Ставший через несколько лет прекрасным художником (которому только скромность и нежелание переезжать в Рим не позволили добиться всеобщей славы), он научился своему ремеслу не в ателье, с кистями и растворителями, и свои краски он покупал не в магазине, а выбирал их сам в безграничной волшебной палитре, которую ему предлагала природа. Он был невосприимчив к запахам и вряд ли задумывался над тем, как пахнут розы. Весенние заросли пахучего жасмина могли окутывать всю дорогу своим ароматом, а его интересовало только, будет ли сочетаться этот белый жасмин с сиреневым цветом анютиных глазок и сизым цикламеном.
Он становился моим учителем. Моим изощренным находкам (например: смешивать винный уксус с известью, чтобы получить более резкий красный цвет, или использовать еще теплый свечной воск) он предпочитал чистые цветочные экстракты. Чтобы сделать эскиз на стене, ему не нужен был ни карандаш, ни перо. Он щедро выжимал сок своих самых красивых образцов прямо на поверхность, которую он собирался расписать, осторожно проводил пальцем по этой переливающейся микстуре и без всякого предварительного наброска извлекал на свет неожиданные фрески льва с ягненком или крыс с детьми.
Я был изумлен быстроте совершенного Свеном прогресса, но еще больше я был счастлив, когда, отчаявшись исправить неудавшийся профиль или провалившуюся перспективу, он склонял свою голову ко мне на грудь и напрашивался на ласки, которые, из осторожности и с оглядкой на его возраст, дальше поглаживания по голове не заходили. Сочетая эту протестантскую педагогику и целомудренную чувственность, я переживал первую в своей жизни любовь. Один только раз я позволил себе самому обнять Свена и поцеловать его в щеку, когда он написал в своей столь же простой, сколь и чарующей манере очень красивую головку ангела на колонне одной разрушенной часовни.
Я давно хотел сводить его к себе на чердак в Версуте, чтобы поближе познакомить его с моими литературными опытами. Он удивился, что мой рабочий стол стоял не у окна, которое выходило на поля, а у глухой стены. Неблагодарное это занятие, писать книги, — сказал я ему, — не то что рисовать: приходится замыкаться, отгораживаться от мира (так как окно и «панорама» губительны для письма), уединяться от близких, тогда как великие живописцы прошлого работали в команде, часто на глазах у поклонников, и всячески развлекались на лесах, обмениваясь разными шуточками, благо под рукой всегда были фляжка с вином да кусок хлеба и сыра.
Вместо того, чтобы прислушаться к моим жалобам, он довольно разглядывал разбросанные на столе инструменты писательского труда, некоторые из которых были ему неизвестны: перьевые ручки разных размеров, шариковые карандаши, бывшие тогда в новинку, двуцветная резинка двойного назначения, скребок для исправления ошибок, разрезной нож, скоросшиватель и две катушки скотча, обычного и прозрачного. Единственной вещицей из этого набора, что никогда не выглядела смешно в моих глазах, но которую я приобрел лишь много лет спустя, в Риме, было откидное лезвие бритвы, с помощью которого я отрезал страничку с посвящением, прежде чем продать старьевщику за сотню лир те книги, что присылали мне бесплатно из издательств мои коллеги по работе.

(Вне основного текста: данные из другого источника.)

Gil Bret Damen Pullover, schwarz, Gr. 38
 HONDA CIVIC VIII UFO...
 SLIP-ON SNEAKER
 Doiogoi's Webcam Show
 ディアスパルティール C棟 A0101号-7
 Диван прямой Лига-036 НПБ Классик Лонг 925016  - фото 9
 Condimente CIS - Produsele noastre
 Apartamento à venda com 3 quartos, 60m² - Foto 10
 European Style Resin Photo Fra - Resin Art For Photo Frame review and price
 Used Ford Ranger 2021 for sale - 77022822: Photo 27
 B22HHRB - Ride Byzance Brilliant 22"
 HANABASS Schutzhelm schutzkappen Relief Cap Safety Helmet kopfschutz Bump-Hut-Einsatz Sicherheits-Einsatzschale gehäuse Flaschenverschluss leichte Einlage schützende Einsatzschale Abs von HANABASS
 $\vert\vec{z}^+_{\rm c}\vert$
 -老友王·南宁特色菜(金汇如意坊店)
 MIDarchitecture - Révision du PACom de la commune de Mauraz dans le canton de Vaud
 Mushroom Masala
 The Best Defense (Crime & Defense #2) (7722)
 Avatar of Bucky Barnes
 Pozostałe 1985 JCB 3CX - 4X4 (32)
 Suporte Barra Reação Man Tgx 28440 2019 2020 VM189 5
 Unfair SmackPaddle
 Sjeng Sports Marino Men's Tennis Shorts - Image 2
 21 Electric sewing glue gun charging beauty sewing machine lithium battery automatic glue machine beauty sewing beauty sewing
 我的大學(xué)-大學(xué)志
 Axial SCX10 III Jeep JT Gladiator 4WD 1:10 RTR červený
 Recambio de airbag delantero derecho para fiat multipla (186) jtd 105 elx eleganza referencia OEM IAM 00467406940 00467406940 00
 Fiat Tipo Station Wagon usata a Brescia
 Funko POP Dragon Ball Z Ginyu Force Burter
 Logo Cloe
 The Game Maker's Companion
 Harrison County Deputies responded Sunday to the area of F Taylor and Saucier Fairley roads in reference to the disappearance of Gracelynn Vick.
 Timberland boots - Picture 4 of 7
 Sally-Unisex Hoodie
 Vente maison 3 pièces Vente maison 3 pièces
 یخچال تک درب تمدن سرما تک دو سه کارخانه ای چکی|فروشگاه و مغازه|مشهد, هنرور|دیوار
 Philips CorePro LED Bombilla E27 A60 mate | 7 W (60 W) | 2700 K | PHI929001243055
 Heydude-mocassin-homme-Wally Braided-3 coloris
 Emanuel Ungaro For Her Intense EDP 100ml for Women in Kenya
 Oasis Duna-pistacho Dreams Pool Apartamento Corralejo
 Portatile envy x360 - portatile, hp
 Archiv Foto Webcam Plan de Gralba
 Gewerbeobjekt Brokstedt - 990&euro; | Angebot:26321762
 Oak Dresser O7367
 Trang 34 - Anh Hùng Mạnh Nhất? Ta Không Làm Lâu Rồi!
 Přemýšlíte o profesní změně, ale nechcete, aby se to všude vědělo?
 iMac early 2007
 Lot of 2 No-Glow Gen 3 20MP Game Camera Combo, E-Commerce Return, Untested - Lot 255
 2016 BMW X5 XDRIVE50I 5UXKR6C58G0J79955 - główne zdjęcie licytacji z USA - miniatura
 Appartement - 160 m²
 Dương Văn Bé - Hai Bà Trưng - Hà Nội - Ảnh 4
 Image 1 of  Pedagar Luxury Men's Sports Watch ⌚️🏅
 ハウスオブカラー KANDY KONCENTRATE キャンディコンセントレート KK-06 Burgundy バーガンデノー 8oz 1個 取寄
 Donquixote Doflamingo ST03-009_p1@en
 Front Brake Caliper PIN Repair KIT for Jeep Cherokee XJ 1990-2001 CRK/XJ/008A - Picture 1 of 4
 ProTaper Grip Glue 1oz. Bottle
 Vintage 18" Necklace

Жесты человека, сидящего перед листом бумаги или за своей пишущей машинкой, всегда казались мне необычайно бедными касательно церемониала, который сопутствует всем фазам ручного труда. Я не развивал этого сравнения исключительно, чтобы польстить Свену и придать ему уверенности в его призвании. Так я думал в глубине себя. Манипулировать субстанциями, преодолевать, как и подобает ремесленнику, конкретные задачи, вот радости, неведомые поденщику от литературы. Мой юный гость совсем не следил за моими рассуждениями. Я напрасно объяснял ему, что, сидя на своем стуле и заполняя страницы ровными строчками абстрактных однообразных значков, я испытывал глубокое чувство неудовлетворенности и скуки, он находил красоту в этих упорядоченных иероглифах и, послушав одно из моих стихотворений, даже немного разозлился оттого, что мне доставляло радости играть и жонглировать словами.
— «Мое тело из грязи и слоновой кости», — повторил он с восхищением. Эта была своеобразная литания, которую я написал (только понял ли он это?) во славу подростковой любви:
— Знаете, — добавил он, взяв с моего стола перьевую ручку и вложив ее мне в руку, — я хочу, чтобы вы мне посвятили следующее стихотворение, мне одному! Тогда вам не будет так грустно сидеть на своем стуле, потому что ваши мысли будут заняты мной.